• **The input**:
****************

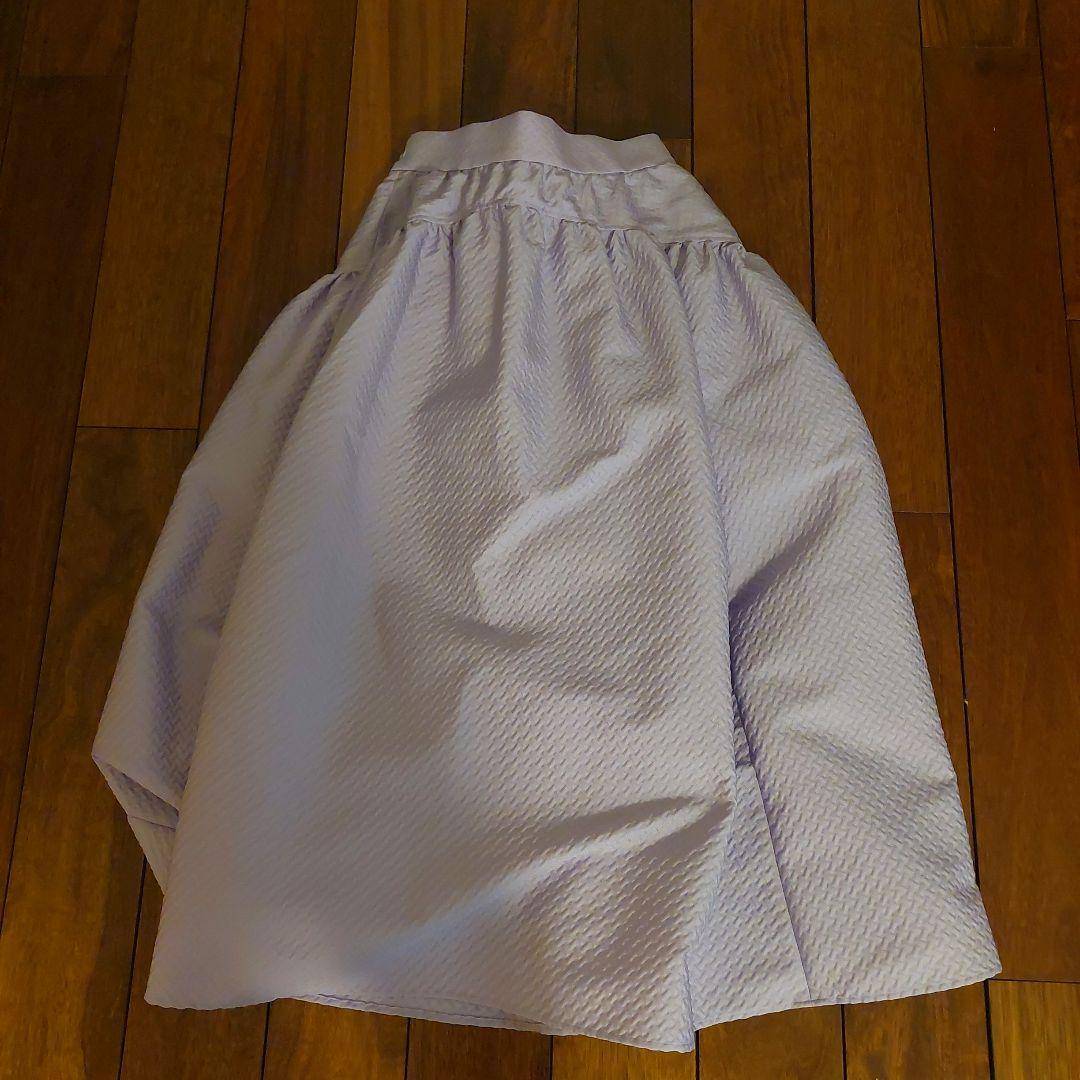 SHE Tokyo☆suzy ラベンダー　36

****************

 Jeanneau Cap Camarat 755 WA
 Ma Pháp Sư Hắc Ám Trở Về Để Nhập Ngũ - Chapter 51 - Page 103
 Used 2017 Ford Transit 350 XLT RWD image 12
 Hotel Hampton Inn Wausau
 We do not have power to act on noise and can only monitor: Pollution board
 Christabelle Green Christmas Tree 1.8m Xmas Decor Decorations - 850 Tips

****************

• **How to complete this task**: Reproduce exactly the section above that begins at the line containing "Hotel Hampton Inn Wausau" and ends at the line containing "Christabelle Green Christmas", leaving out all other lines.

• **Written solution**:
 Hotel Hampton Inn Wausau
 We do not have power to act on noise and can only monitor: Pollution board
 Christabelle Green Christmas Tree 1.8m Xmas Decor Decorations - 850 Tips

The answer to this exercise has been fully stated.